My indifferent value learning agent design is in some ways too good. The agent transfer perfectly from u maximisers to v maximisers—but this makes them exploitable, as Benja has pointed out.

For instance, if u values paperclips and v values staples, and everyone knows that the agent will soon transfer from a u-maximiser to a v-maximiser, then an enterprising trader can sell the agent paperclips in exchange for staples, then wait for the utility change, and sell the agent back staples for paperclips, pocketing a profit each time. More prosaically, they could “borrow” £1,000,000 from the agent, promising to pay back £2,000,000 tomorrow if the agent is still a u-maximiser. And the currently u-maximising agent will accept, even though everyone knows it will change to a v-maximiser before tomorrow.

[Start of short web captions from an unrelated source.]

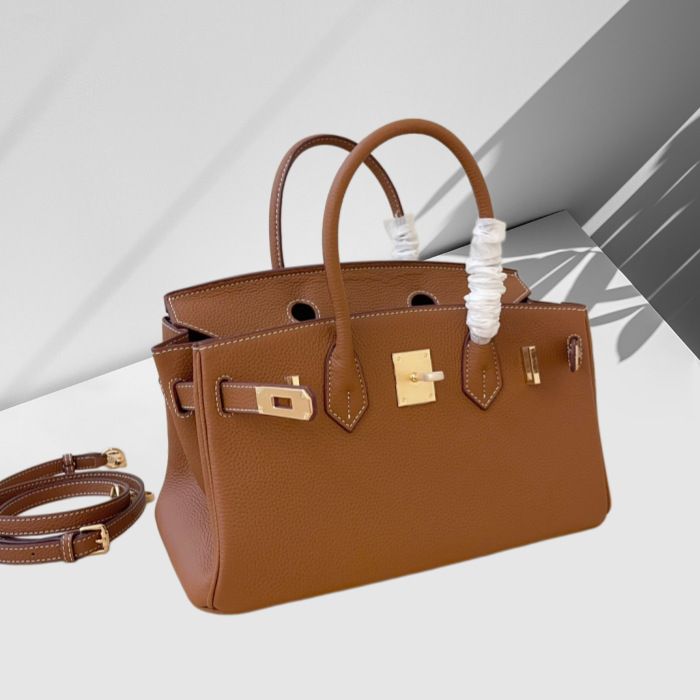 Brown handbag with gold hardware on a light gray background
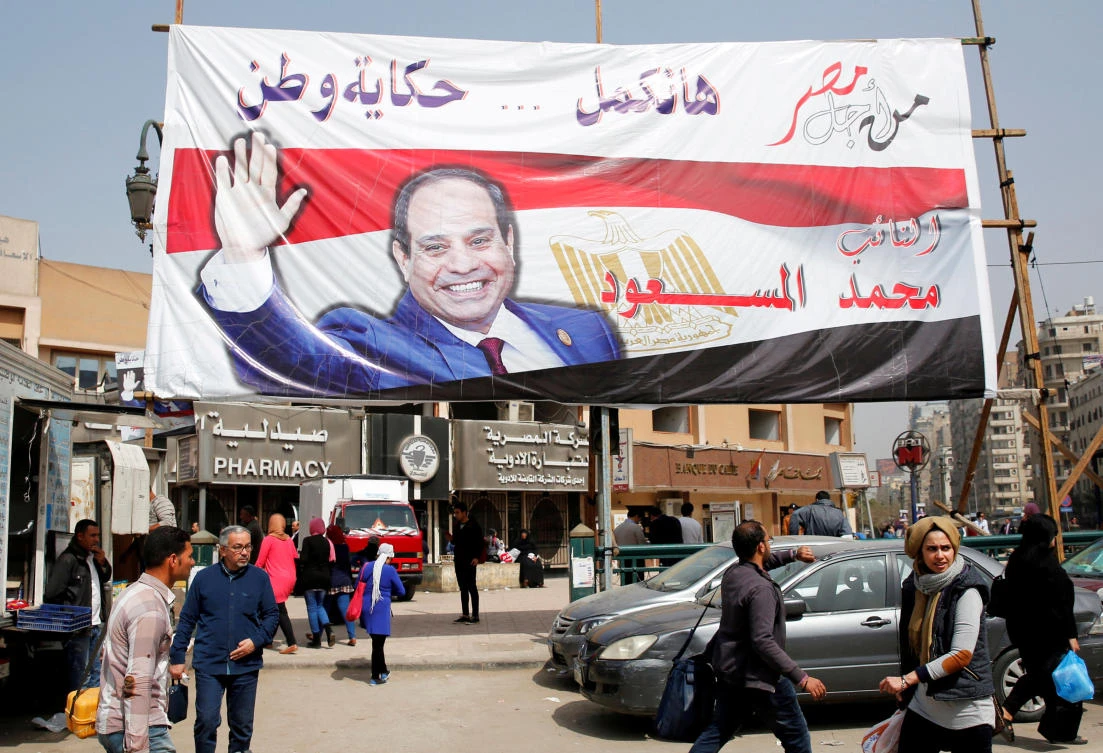 People walk by a poster of Egyptian President Abdel Fattah El-Sisi for the upcoming presidential election, in Cairo, Egypt. (Reuters)
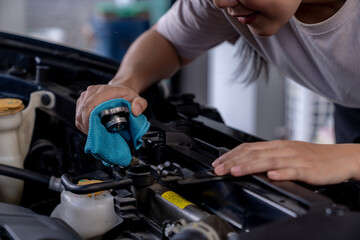 A young woman checking her car engine before a long road trip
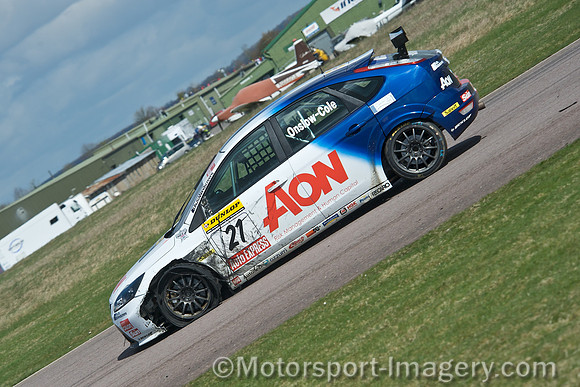 Tom Onslow-Cole with a flat tyre on the AON Focus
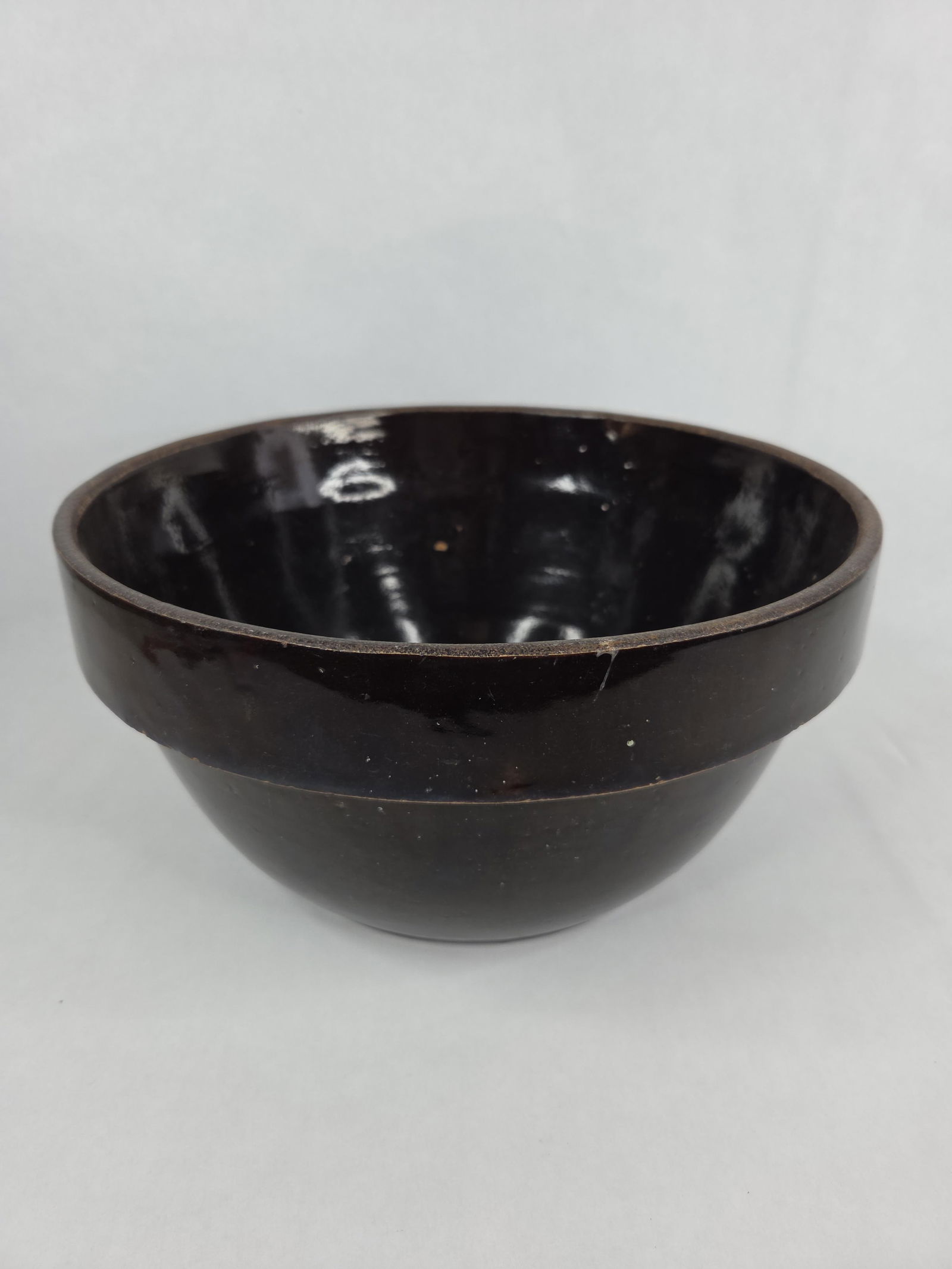 Large 12 in brown glazed stoneware bowl: structurally sound no chips or cracks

One could argue that exploitability is inevitable, given the change in utility functions. And I haven’t yet found any principled way of avoiding exploitability which preserves the indifference. But here is a tantalising quasi-example.

As before, u values paperclips and v values staples. Both are defined in terms of extra paperclips/staples over those existing in the world (and negatively in terms of destruction of existing/staples), with their zero being at the current situation. Let’s put some diminishing returns on both utilities: for each paperclips/stables created/destroyed up to the first five, u/v will gain/lose one utilon. For each subsequent paperclip/staple destroyed above five, they will gain/lose one half utilon.

We now construct our world and our agent. The world lasts two days, and has a machine that can create or destroy paperclips and staples for the cost of £1 apiece. Assume there is a tiny ε chance that the machine stops working at any given time. This ε will be ignored in all calculations; it’s there only to make the agent act sooner rather than later when the choices are equivalent (a discount rate could serve the same purpose).

The agent owns £10 and has utility function u+Xv. The value of X is unknown to the agent: it is either +1 or −1, with 50% probability, and this will be revealed at the end of the first day (you can imagine X is the output of some slow computation, or is written on the underside of a rock that will be lifted).

So what will the agent do? It’s easy to see that it can never get more than 10 utilons, as each £1 generates at most 1 utilon (we really need a unit symbol for the utilon!). And it can achieve this: it will spend £5 immediately, creating 5 paperclips, wait until X is revealed, and spend another £5 creating or destroying staples (depending on the value of X).

This looks a lot like a resource-conserving value-learning agent. I doesn’t seem to be “exploitable” in the sense Benja demonstrated. It will still accept some odd deals—one extra paperclip on the first day in exchange for all the staples in the world being destroyed, for instance. But it won’t give away resources for no advantage. And it’s not a perfect value-learning agent. But it still seems to have interesting features of non-exploitable and value-learning that are worth exploring.

Note that this property does not depend on v being symmetric around staple creation and destruction. Assume v hits diminishing returns after creating 5 staples, but after destroying only 4 of them. Then the agent will have the same behaviour as above (in that specific situation; in general, this will cause a slight change, in that the agent will slightly overvalue having money on the first day compared to the original v), and will expect to get 9.75 utilons (50% chance of 10 for X=+1, 50% chance of 9.5 for X=-1). Other changes to u and v will shift how much money is spent on different days, but the symmetry of v is not what is powering this example.